_Provided data_.
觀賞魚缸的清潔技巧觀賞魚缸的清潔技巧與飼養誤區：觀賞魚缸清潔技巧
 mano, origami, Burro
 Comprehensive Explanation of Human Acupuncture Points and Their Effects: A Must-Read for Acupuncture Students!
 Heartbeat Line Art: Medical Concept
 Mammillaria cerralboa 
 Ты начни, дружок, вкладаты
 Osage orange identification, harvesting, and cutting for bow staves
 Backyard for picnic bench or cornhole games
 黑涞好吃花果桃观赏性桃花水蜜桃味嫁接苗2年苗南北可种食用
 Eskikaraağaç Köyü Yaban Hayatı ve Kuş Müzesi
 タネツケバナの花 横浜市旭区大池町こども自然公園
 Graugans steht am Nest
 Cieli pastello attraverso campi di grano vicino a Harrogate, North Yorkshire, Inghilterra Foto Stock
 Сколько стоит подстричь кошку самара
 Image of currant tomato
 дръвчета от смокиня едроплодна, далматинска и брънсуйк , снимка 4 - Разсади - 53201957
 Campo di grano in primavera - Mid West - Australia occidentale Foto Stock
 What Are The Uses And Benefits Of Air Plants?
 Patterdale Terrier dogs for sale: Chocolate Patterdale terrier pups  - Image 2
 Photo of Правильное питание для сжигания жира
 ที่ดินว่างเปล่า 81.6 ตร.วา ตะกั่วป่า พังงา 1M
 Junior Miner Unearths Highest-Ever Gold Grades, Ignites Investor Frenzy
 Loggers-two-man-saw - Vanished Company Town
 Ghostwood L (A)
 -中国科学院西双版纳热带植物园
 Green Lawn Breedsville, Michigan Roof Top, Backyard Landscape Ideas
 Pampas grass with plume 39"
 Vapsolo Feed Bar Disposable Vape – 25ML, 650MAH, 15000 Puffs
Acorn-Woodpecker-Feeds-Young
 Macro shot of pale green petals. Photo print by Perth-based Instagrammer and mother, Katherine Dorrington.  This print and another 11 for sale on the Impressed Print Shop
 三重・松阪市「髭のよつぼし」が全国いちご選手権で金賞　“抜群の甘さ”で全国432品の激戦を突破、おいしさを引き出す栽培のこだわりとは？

_The task_. Print exactly, and only, the lines of the material above that run from the one containing "Pampas grass with" through its last line.

_Answer_.
 Pampas grass with plume 39"
 Vapsolo Feed Bar Disposable Vape – 25ML, 650MAH, 15000 Puffs
Acorn-Woodpecker-Feeds-Young
 Macro shot of pale green petals. Photo print by Perth-based Instagrammer and mother, Katherine Dorrington.  This print and another 11 for sale on the Impressed Print Shop
 三重・松阪市「髭のよつぼし」が全国いちご選手権で金賞　“抜群の甘さ”で全国432品の激戦を突破、おいしさを引き出す栽培のこだわりとは？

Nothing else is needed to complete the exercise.